What the task asks:
Your answer should repeat exactly the lines from the one holding "Heeled Boots" through the end of the data, and it should contain no pictures.

══ Supplied records ══

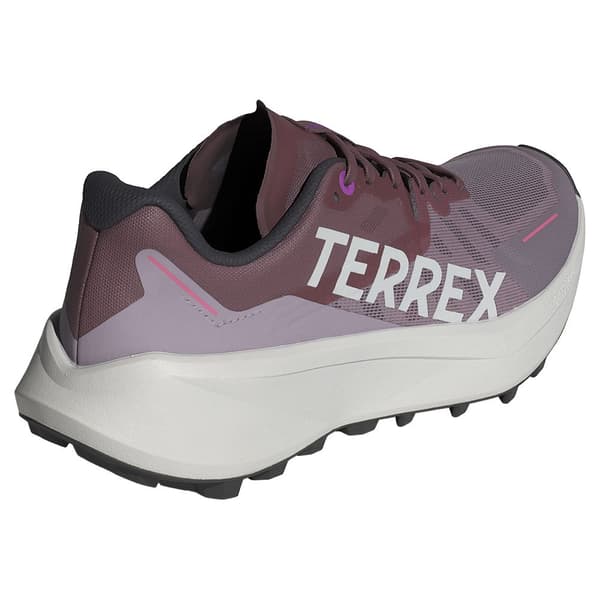 Adidas Terrex Agravic 3 Trailskor Lila EU 42 Kvinna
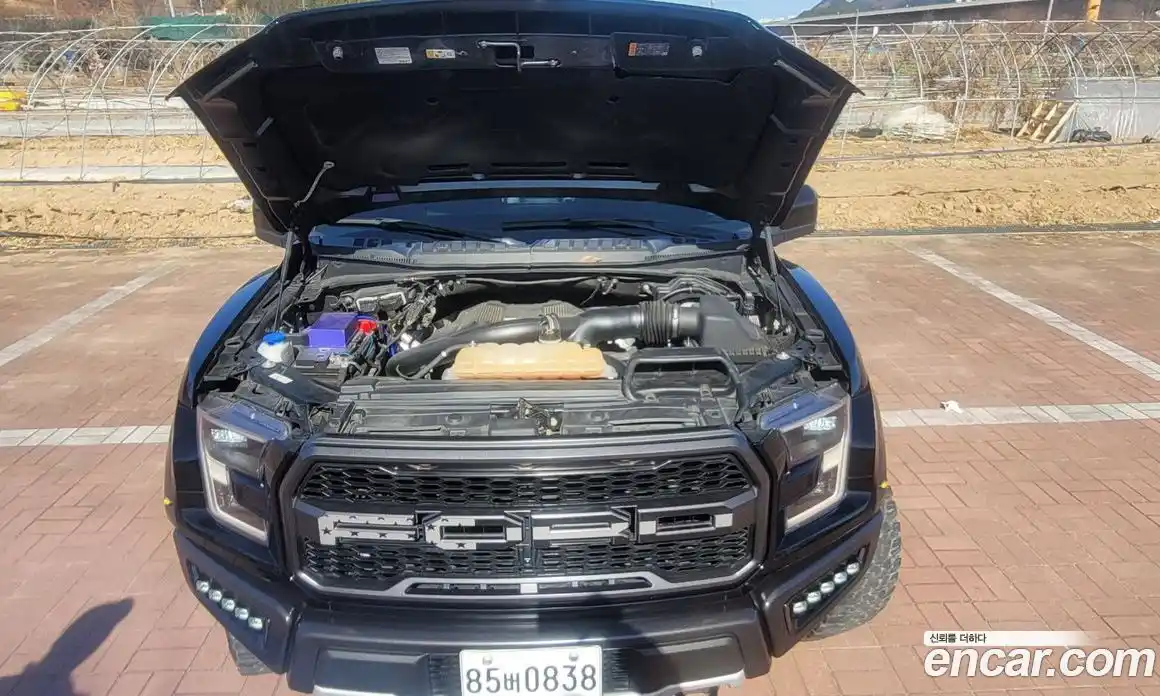 Ford F150 2018 3.5 Автомат в Москве № 199803, фото 15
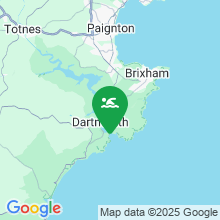 Dartmouth Castle and Sugary Cove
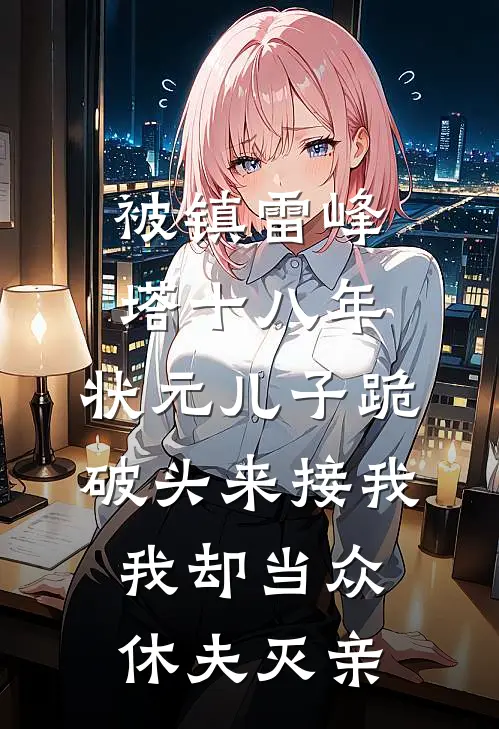 被镇雷峰塔十八年，状元儿子跪破头来接我，我却当众休夫灭亲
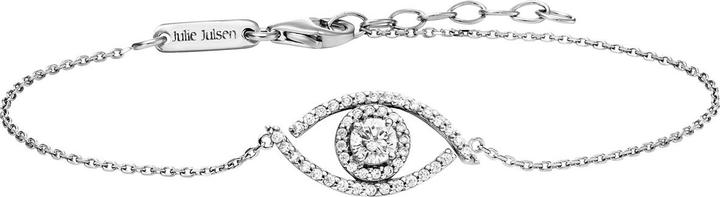 Produktbild Julie Julsen Armband Auge (19 cm, Silber 925)
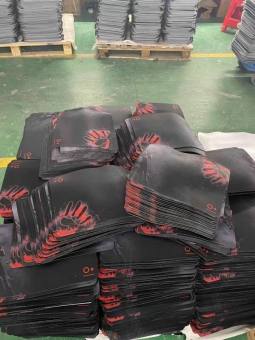 Miếng Lót Chuột Size 34x22 Và Loại 22X17.5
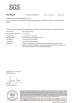 Ningbo OuKaiLuo Hardware Co.,Ltd. Certifications
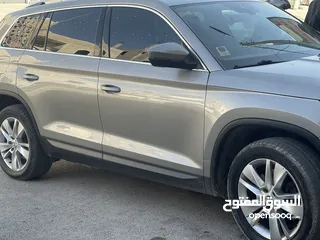  3 سكودا كودياك 2018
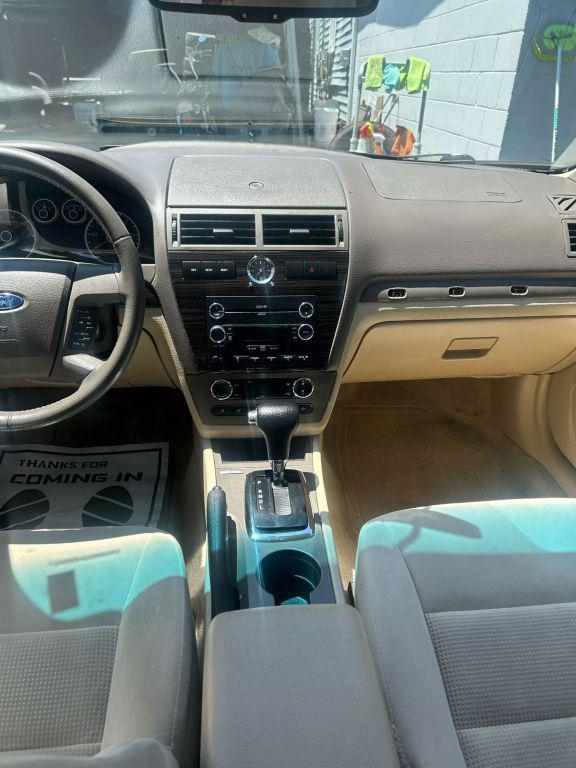 used 2008 Ford Fusion car, priced at $3,500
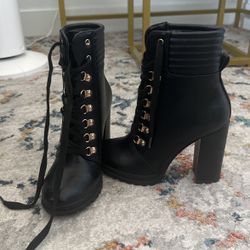 Heeled Boots 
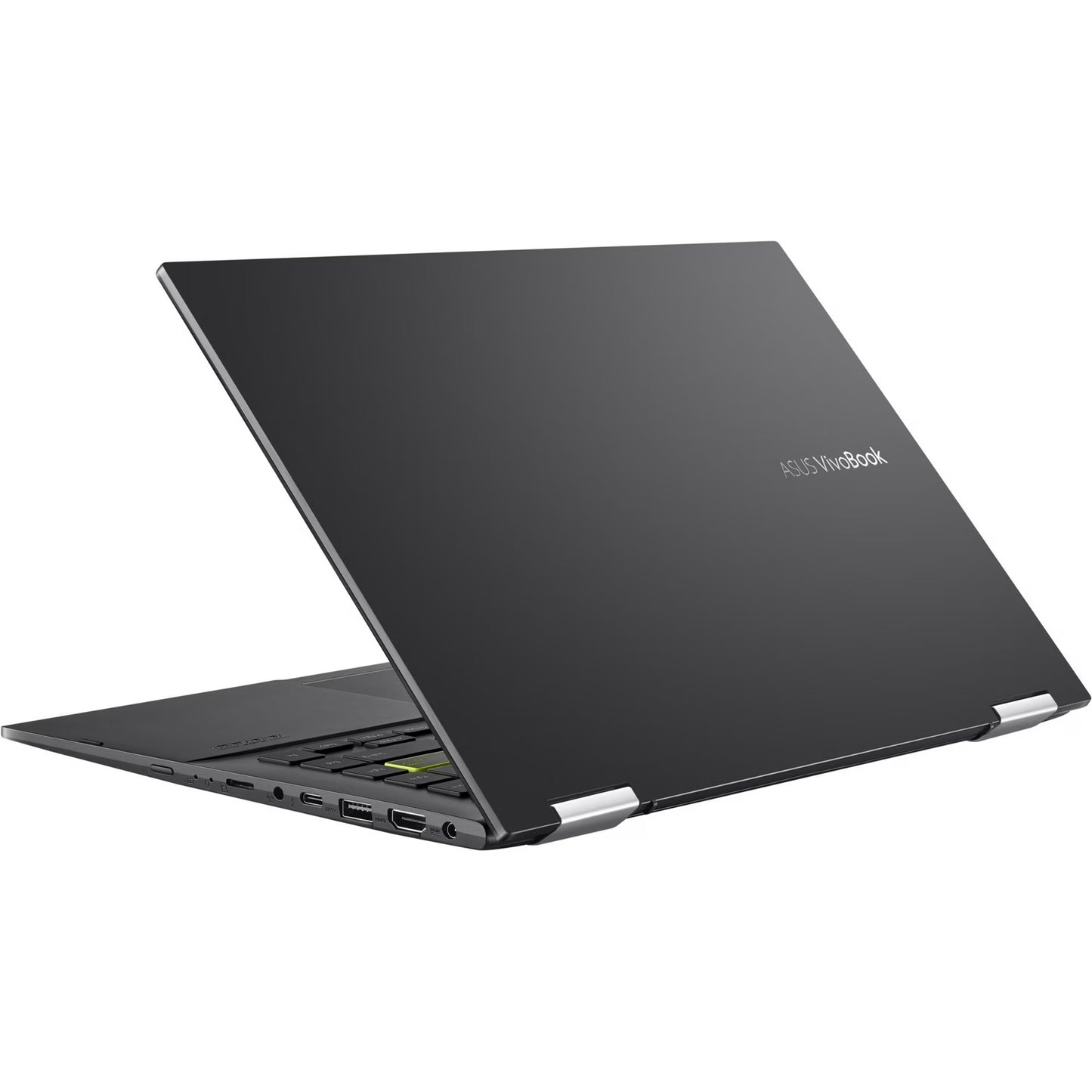 Notebook Asus VivoBook Flip TP470EA-AS34T I3-1115G4 4/128GB 14" W10 Black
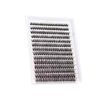 Eyelash Extensions, 280 Pieces, Artificial Eyelashes, Natural DIY Cluster Eyelash Extension, Cluster Eyelashes, 9-16 mm, Individual Lashes Kit, Natural Look, Soft Eyelashes (30D + 40D-MIX9-16)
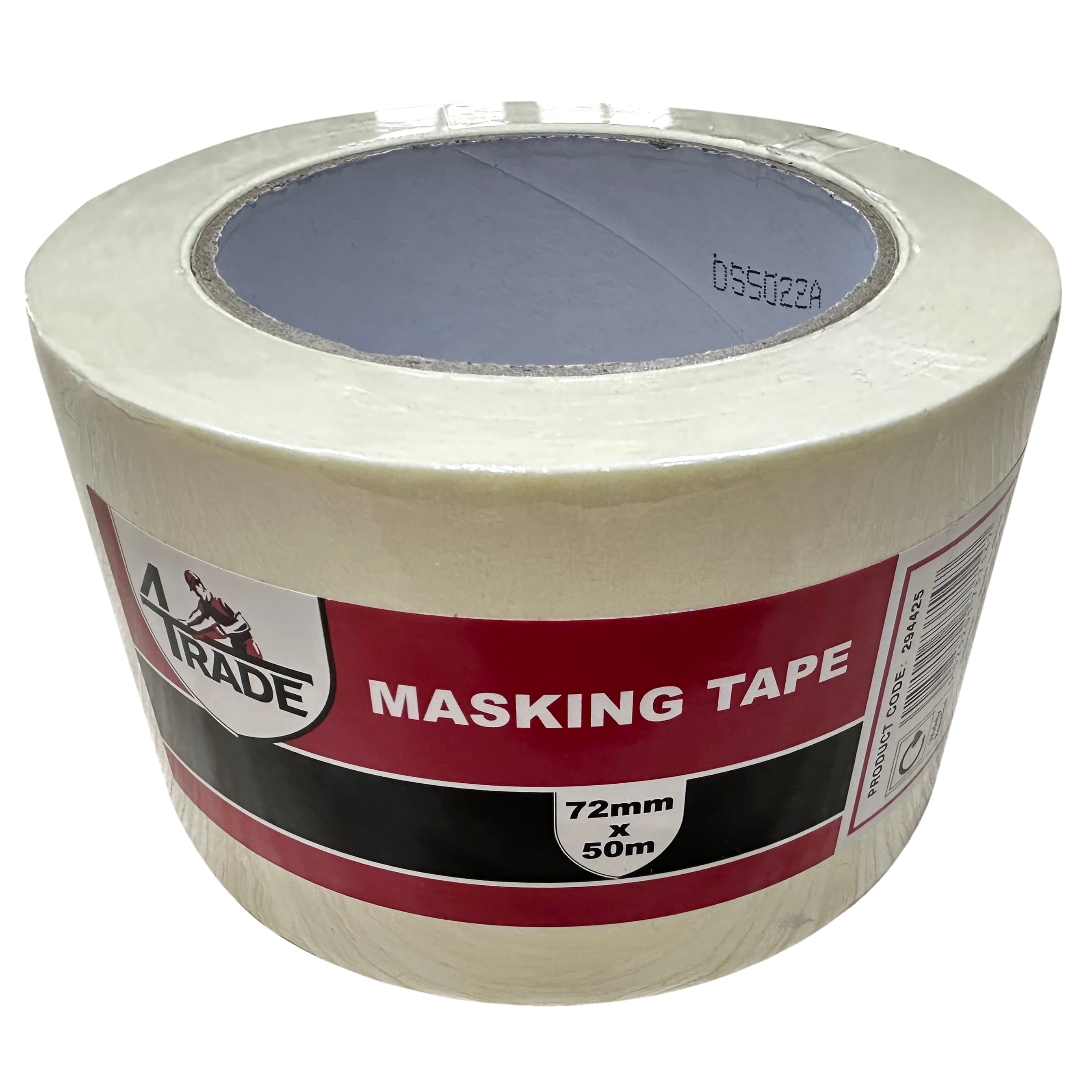 4Trade Masking Tape 72mm x 50m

═══

Written response:
 Heeled Boots 
 Notebook Asus VivoBook Flip TP470EA-AS34T I3-1115G4 4/128GB 14" W10 Black
 Eyelash Extensions, 280 Pieces, Artificial Eyelashes, Natural DIY Cluster Eyelash Extension, Cluster Eyelashes, 9-16 mm, Individual Lashes Kit, Natural Look, Soft Eyelashes (30D + 40D-MIX9-16)
 4Trade Masking Tape 72mm x 50m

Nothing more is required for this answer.